The trial court granted summary judgment in favor of Hartman, leading to TPCG’s appeal. The First Circuit affirmed the trial court’s ruling noting that TPCG’s claims were perempted. First, the Court found there was insufficient evidence to categorize Hartman’s testimony as inspection services to render La R.S. 9:5607(A)(3) inapplicable.
Next, the court held that although the DOTD statute did apply, because La R.S. 9:5607 was the more specific statute, it controlled. The Court noted that the legislative intent in crafting the peremptive period was to destroy the cause of action itself. Thus, TPCG had five years from Hartman’s completion of services in 2013 before the cause of action ceased to exist.
In Whitney Bank v. Henry Rayford 2023 WL 7144928, Henry Rayford (“Rayford”) contracted with Nobles Construction, L.L.C. (“Nobles”) to build three houses intended as rental properties. After Nobles completed the houses in 2008, Rayford alleged certain construction defects made the houses uninhabitable. As a result, Rayford defaulted on promissory notes which in turn prompted Whitney Bank to file suit. In 2016, response, Rayford filed a third-party demand against Nobles alleging Nobles committed fraud by failing to obtain required building permits.
Nobles filed an exception arguing that Rayford’s claims were exempted pursuant to La. R.S. 9:2772 which provides that “no action, whether arising in contract, tort, or otherwise, shall be brought against any person for the construction of immovables, or improvement to immovable property, more than five years after the owner has occupied or taken possession of the improvement, in whole or in part”.
However, La. R.S. 9:2772(H)(1) provides that the five-year peremptive period does not apply to any person “whose fraud has caused the breach of contract or damages sued upon.” Thus, Nobles argued that Rayford’s allegations were unsubstantiated which rendered the five year period inapplicable.

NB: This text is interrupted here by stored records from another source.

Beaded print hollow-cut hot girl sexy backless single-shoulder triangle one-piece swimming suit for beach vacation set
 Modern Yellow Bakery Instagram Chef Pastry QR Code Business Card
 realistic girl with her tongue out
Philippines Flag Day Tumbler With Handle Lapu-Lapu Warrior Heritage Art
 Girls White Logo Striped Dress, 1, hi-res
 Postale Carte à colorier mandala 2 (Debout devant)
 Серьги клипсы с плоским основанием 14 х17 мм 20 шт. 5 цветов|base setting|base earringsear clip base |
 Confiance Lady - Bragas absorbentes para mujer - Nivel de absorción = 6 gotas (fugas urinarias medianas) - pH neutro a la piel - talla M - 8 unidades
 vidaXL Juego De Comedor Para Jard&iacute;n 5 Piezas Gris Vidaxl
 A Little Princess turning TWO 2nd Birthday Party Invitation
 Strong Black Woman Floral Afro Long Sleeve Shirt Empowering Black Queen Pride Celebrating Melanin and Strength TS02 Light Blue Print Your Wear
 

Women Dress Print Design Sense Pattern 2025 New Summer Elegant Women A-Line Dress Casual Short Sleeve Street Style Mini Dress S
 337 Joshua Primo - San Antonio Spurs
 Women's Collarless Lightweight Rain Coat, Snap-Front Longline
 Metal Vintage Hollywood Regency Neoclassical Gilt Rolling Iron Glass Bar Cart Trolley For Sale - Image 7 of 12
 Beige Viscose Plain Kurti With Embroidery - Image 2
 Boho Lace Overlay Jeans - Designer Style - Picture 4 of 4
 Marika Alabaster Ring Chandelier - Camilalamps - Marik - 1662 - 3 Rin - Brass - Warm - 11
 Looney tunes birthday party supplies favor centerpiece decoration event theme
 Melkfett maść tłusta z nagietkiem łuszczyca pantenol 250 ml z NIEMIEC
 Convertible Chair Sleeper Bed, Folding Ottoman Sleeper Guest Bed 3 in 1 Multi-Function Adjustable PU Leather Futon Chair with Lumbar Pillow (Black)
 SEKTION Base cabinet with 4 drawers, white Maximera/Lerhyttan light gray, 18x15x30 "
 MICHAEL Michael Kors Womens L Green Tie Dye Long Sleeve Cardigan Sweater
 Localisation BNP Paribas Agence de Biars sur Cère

After multiple appeals, the First Circuit determined that La R.S. 9:2772 required the allegations of fraud to be tried separately, prior to the trial of any other issues. Thus, the trial court held a trial on Rayford’s allegations of fraud, and found that Rayford did not provide sufficient evidence of fraud. Rayford appealed the matter once again.
The appellate court agreed with the trial court’s findings. The court also found no error in the trial court’s ruling that Rayford’s claim was barred by preemption, as his third-party demand was filed over eight years after taking possession of the houses, exceeding the statutory five-year limit.
Overall, the First Circuit continues to exercise a consistent policy in the dismissal of construction-related claims under both La. R.S. 9:2772 and La. R.S. 9:5607. This consistency provides a measure of certainty not only for contractors and subcontractors, but also for architects, engineers, and others engaged in the construction process.